== WHAT THE EXERCISE ASKS ==
Reproduce precisely the lines of the listing below, starting with the line that contains "沙漠里有什么植物，沙漠里有什么植物" and stopping after the line that contains "pvc管卡迫码20 25 32 40 50给水管电线管u型管夹骑马卡墙管码管件"; include nothing else.

== INPUT MATERIAL ==
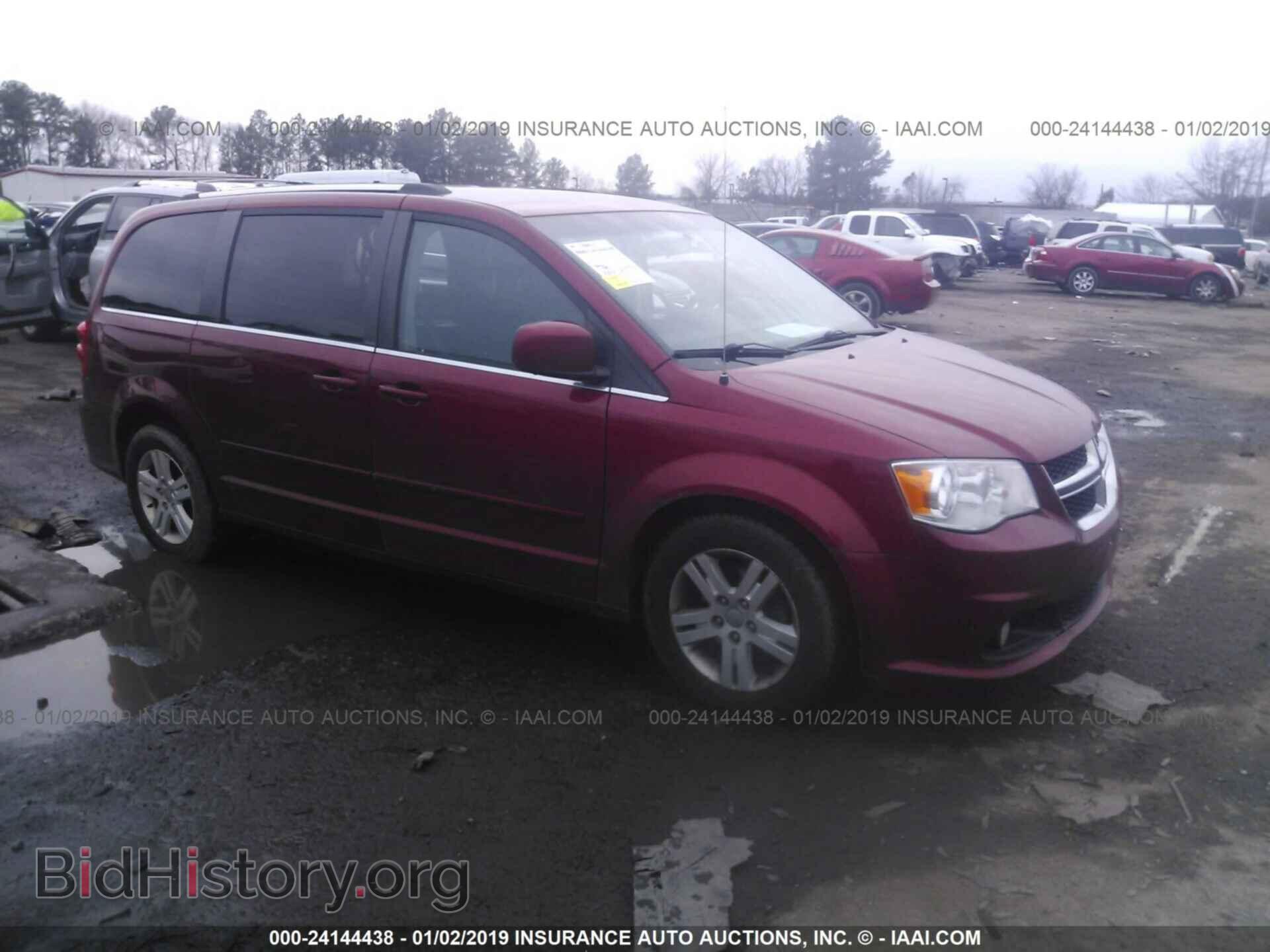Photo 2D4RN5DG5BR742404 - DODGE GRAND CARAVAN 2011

* * *

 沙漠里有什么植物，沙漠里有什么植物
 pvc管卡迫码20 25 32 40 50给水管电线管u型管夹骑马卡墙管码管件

--

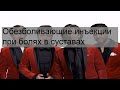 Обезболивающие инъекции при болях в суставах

== SOLUTION TO THIS EXERCISE ==
 沙漠里有什么植物，沙漠里有什么植物
 pvc管卡迫码20 25 32 40 50给水管电线管u型管夹骑马卡墙管码管件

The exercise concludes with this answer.